[Material provided — start]

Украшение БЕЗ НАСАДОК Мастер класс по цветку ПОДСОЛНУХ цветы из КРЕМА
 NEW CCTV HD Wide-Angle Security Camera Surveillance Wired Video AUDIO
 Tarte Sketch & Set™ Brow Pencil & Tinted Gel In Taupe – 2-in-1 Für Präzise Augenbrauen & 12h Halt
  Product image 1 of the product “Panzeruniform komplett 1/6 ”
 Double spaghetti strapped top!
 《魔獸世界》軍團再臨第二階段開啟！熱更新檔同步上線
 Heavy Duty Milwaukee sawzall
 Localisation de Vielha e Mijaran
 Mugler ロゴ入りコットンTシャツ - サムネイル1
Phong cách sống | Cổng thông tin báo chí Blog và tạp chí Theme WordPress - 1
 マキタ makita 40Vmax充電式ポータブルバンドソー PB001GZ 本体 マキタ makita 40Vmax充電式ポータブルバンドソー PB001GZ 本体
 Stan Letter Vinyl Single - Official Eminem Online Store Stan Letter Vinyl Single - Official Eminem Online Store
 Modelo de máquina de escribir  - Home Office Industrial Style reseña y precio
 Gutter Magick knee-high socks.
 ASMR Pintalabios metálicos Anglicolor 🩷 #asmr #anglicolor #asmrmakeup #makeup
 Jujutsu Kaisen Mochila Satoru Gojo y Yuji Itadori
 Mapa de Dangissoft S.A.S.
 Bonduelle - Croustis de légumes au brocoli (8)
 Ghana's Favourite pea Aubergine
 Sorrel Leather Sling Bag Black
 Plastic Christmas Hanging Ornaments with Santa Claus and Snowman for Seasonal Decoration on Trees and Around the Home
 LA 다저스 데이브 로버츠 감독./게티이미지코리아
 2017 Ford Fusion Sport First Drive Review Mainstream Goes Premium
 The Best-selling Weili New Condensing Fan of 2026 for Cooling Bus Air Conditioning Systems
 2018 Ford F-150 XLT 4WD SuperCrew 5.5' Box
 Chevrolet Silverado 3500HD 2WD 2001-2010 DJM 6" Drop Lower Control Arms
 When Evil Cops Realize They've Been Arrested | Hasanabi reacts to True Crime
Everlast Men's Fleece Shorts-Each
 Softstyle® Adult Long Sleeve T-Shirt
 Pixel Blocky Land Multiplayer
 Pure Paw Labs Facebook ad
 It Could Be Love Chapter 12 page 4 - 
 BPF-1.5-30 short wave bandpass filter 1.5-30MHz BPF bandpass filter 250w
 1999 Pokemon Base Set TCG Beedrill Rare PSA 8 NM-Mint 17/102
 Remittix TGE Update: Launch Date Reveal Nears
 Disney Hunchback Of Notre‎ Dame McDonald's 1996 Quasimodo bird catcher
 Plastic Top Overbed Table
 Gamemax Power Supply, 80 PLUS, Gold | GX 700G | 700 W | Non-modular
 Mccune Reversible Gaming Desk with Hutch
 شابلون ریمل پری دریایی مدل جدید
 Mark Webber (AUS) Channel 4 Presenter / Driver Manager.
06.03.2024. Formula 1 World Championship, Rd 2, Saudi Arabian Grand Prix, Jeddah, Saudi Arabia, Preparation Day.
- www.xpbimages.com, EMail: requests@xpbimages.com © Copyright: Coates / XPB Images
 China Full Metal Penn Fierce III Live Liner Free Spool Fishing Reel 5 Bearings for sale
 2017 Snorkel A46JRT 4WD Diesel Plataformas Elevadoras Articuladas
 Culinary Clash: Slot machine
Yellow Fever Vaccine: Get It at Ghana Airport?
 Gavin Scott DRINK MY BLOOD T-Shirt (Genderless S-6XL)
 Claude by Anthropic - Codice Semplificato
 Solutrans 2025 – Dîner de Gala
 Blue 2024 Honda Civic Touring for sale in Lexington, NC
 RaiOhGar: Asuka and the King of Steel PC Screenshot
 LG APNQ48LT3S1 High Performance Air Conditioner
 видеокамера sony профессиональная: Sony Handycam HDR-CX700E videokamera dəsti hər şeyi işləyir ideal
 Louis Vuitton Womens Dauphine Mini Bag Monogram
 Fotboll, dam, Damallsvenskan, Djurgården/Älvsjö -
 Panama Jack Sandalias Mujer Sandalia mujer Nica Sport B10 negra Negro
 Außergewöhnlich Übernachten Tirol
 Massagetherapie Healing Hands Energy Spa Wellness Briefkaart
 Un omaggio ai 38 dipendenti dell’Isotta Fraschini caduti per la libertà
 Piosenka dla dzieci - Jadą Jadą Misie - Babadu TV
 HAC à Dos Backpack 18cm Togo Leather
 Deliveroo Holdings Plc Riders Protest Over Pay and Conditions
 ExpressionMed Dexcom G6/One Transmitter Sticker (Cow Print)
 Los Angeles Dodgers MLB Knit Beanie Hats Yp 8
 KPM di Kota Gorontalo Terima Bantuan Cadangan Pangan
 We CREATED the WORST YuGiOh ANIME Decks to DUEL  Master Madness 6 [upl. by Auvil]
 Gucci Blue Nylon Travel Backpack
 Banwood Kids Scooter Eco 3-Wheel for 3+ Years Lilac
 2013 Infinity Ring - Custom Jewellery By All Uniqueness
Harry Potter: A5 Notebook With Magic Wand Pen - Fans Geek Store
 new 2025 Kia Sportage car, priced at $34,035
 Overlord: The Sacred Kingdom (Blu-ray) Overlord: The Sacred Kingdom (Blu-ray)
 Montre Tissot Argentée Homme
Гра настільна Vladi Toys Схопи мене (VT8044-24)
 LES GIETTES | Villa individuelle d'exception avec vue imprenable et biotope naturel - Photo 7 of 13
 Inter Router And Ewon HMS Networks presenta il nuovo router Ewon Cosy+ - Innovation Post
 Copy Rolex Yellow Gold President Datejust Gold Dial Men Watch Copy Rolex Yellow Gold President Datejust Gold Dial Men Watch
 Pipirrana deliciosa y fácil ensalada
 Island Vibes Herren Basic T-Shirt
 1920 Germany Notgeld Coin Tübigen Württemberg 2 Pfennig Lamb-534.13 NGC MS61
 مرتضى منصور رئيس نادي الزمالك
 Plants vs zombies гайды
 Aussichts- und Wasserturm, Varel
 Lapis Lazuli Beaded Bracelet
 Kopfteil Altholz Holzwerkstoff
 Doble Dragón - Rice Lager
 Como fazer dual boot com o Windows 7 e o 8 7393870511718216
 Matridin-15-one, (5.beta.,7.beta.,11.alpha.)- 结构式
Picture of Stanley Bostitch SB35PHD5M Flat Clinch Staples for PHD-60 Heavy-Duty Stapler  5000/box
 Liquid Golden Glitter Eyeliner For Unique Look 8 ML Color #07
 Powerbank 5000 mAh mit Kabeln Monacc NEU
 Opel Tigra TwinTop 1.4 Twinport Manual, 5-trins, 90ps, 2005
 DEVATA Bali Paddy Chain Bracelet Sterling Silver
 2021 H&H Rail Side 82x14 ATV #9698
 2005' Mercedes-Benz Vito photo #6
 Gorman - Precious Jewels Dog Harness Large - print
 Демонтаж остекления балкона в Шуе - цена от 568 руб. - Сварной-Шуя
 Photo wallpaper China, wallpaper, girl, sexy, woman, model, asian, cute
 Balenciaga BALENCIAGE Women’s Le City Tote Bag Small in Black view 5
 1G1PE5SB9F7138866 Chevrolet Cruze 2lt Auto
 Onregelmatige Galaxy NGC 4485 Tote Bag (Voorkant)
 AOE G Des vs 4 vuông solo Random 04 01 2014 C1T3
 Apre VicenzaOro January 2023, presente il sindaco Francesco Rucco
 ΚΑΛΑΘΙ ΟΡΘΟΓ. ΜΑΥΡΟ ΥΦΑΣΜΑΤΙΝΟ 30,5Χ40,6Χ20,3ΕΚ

[Material provided — finish]

* **What is expected**: A faithful, word-for-word transcript of the material above is the required answer.

* **Task answer**:
Украшение БЕЗ НАСАДОК Мастер класс по цветку ПОДСОЛНУХ цветы из КРЕМА
 NEW CCTV HD Wide-Angle Security Camera Surveillance Wired Video AUDIO
 Tarte Sketch & Set™ Brow Pencil & Tinted Gel In Taupe – 2-in-1 Für Präzise Augenbrauen & 12h Halt
  Product image 1 of the product “Panzeruniform komplett 1/6 ”
 Double spaghetti strapped top!
 《魔獸世界》軍團再臨第二階段開啟！熱更新檔同步上線
 Heavy Duty Milwaukee sawzall
 Localisation de Vielha e Mijaran
 Mugler ロゴ入りコットンTシャツ - サムネイル1
Phong cách sống | Cổng thông tin báo chí Blog và tạp chí Theme WordPress - 1
 マキタ makita 40Vmax充電式ポータブルバンドソー PB001GZ 本体 マキタ makita 40Vmax充電式ポータブルバンドソー PB001GZ 本体
 Stan Letter Vinyl Single - Official Eminem Online Store Stan Letter Vinyl Single - Official Eminem Online Store
 Modelo de máquina de escribir  - Home Office Industrial Style reseña y precio
 Gutter Magick knee-high socks.
 ASMR Pintalabios metálicos Anglicolor 🩷 #asmr #anglicolor #asmrmakeup #makeup
 Jujutsu Kaisen Mochila Satoru Gojo y Yuji Itadori
 Mapa de Dangissoft S.A.S.
 Bonduelle - Croustis de légumes au brocoli (8)
 Ghana's Favourite pea Aubergine
 Sorrel Leather Sling Bag Black
 Plastic Christmas Hanging Ornaments with Santa Claus and Snowman for Seasonal Decoration on Trees and Around the Home
 LA 다저스 데이브 로버츠 감독./게티이미지코리아
 2017 Ford Fusion Sport First Drive Review Mainstream Goes Premium
 The Best-selling Weili New Condensing Fan of 2026 for Cooling Bus Air Conditioning Systems
 2018 Ford F-150 XLT 4WD SuperCrew 5.5' Box
 Chevrolet Silverado 3500HD 2WD 2001-2010 DJM 6" Drop Lower Control Arms
 When Evil Cops Realize They've Been Arrested | Hasanabi reacts to True Crime
Everlast Men's Fleece Shorts-Each
 Softstyle® Adult Long Sleeve T-Shirt
 Pixel Blocky Land Multiplayer
 Pure Paw Labs Facebook ad
 It Could Be Love Chapter 12 page 4 - 
 BPF-1.5-30 short wave bandpass filter 1.5-30MHz BPF bandpass filter 250w
 1999 Pokemon Base Set TCG Beedrill Rare PSA 8 NM-Mint 17/102
 Remittix TGE Update: Launch Date Reveal Nears
 Disney Hunchback Of Notre‎ Dame McDonald's 1996 Quasimodo bird catcher
 Plastic Top Overbed Table
 Gamemax Power Supply, 80 PLUS, Gold | GX 700G | 700 W | Non-modular
 Mccune Reversible Gaming Desk with Hutch
 شابلون ریمل پری دریایی مدل جدید
 Mark Webber (AUS) Channel 4 Presenter / Driver Manager.
06.03.2024. Formula 1 World Championship, Rd 2, Saudi Arabian Grand Prix, Jeddah, Saudi Arabia, Preparation Day.
- www.xpbimages.com, EMail: requests@xpbimages.com © Copyright: Coates / XPB Images
 China Full Metal Penn Fierce III Live Liner Free Spool Fishing Reel 5 Bearings for sale
 2017 Snorkel A46JRT 4WD Diesel Plataformas Elevadoras Articuladas
 Culinary Clash: Slot machine
Yellow Fever Vaccine: Get It at Ghana Airport?
 Gavin Scott DRINK MY BLOOD T-Shirt (Genderless S-6XL)
 Claude by Anthropic - Codice Semplificato
 Solutrans 2025 – Dîner de Gala
 Blue 2024 Honda Civic Touring for sale in Lexington, NC
 RaiOhGar: Asuka and the King of Steel PC Screenshot
 LG APNQ48LT3S1 High Performance Air Conditioner
 видеокамера sony профессиональная: Sony Handycam HDR-CX700E videokamera dəsti hər şeyi işləyir ideal
 Louis Vuitton Womens Dauphine Mini Bag Monogram
 Fotboll, dam, Damallsvenskan, Djurgården/Älvsjö -
 Panama Jack Sandalias Mujer Sandalia mujer Nica Sport B10 negra Negro
 Außergewöhnlich Übernachten Tirol
 Massagetherapie Healing Hands Energy Spa Wellness Briefkaart
 Un omaggio ai 38 dipendenti dell’Isotta Fraschini caduti per la libertà
 Piosenka dla dzieci - Jadą Jadą Misie - Babadu TV
 HAC à Dos Backpack 18cm Togo Leather
 Deliveroo Holdings Plc Riders Protest Over Pay and Conditions
 ExpressionMed Dexcom G6/One Transmitter Sticker (Cow Print)
 Los Angeles Dodgers MLB Knit Beanie Hats Yp 8
 KPM di Kota Gorontalo Terima Bantuan Cadangan Pangan
 We CREATED the WORST YuGiOh ANIME Decks to DUEL  Master Madness 6 [upl. by Auvil]
 Gucci Blue Nylon Travel Backpack
 Banwood Kids Scooter Eco 3-Wheel for 3+ Years Lilac
 2013 Infinity Ring - Custom Jewellery By All Uniqueness
Harry Potter: A5 Notebook With Magic Wand Pen - Fans Geek Store
 new 2025 Kia Sportage car, priced at $34,035
 Overlord: The Sacred Kingdom (Blu-ray) Overlord: The Sacred Kingdom (Blu-ray)
 Montre Tissot Argentée Homme
Гра настільна Vladi Toys Схопи мене (VT8044-24)
 LES GIETTES | Villa individuelle d'exception avec vue imprenable et biotope naturel - Photo 7 of 13
 Inter Router And Ewon HMS Networks presenta il nuovo router Ewon Cosy+ - Innovation Post
 Copy Rolex Yellow Gold President Datejust Gold Dial Men Watch Copy Rolex Yellow Gold President Datejust Gold Dial Men Watch
 Pipirrana deliciosa y fácil ensalada
 Island Vibes Herren Basic T-Shirt
 1920 Germany Notgeld Coin Tübigen Württemberg 2 Pfennig Lamb-534.13 NGC MS61
 مرتضى منصور رئيس نادي الزمالك
 Plants vs zombies гайды
 Aussichts- und Wasserturm, Varel
 Lapis Lazuli Beaded Bracelet
 Kopfteil Altholz Holzwerkstoff
 Doble Dragón - Rice Lager
 Como fazer dual boot com o Windows 7 e o 8 7393870511718216
 Matridin-15-one, (5.beta.,7.beta.,11.alpha.)- 结构式
Picture of Stanley Bostitch SB35PHD5M Flat Clinch Staples for PHD-60 Heavy-Duty Stapler  5000/box
 Liquid Golden Glitter Eyeliner For Unique Look 8 ML Color #07
 Powerbank 5000 mAh mit Kabeln Monacc NEU
 Opel Tigra TwinTop 1.4 Twinport Manual, 5-trins, 90ps, 2005
 DEVATA Bali Paddy Chain Bracelet Sterling Silver
 2021 H&H Rail Side 82x14 ATV #9698
 2005' Mercedes-Benz Vito photo #6
 Gorman - Precious Jewels Dog Harness Large - print
 Демонтаж остекления балкона в Шуе - цена от 568 руб. - Сварной-Шуя
 Photo wallpaper China, wallpaper, girl, sexy, woman, model, asian, cute
 Balenciaga BALENCIAGE Women’s Le City Tote Bag Small in Black view 5
 1G1PE5SB9F7138866 Chevrolet Cruze 2lt Auto
 Onregelmatige Galaxy NGC 4485 Tote Bag (Voorkant)
 AOE G Des vs 4 vuông solo Random 04 01 2014 C1T3
 Apre VicenzaOro January 2023, presente il sindaco Francesco Rucco
 ΚΑΛΑΘΙ ΟΡΘΟΓ. ΜΑΥΡΟ ΥΦΑΣΜΑΤΙΝΟ 30,5Χ40,6Χ20,3ΕΚ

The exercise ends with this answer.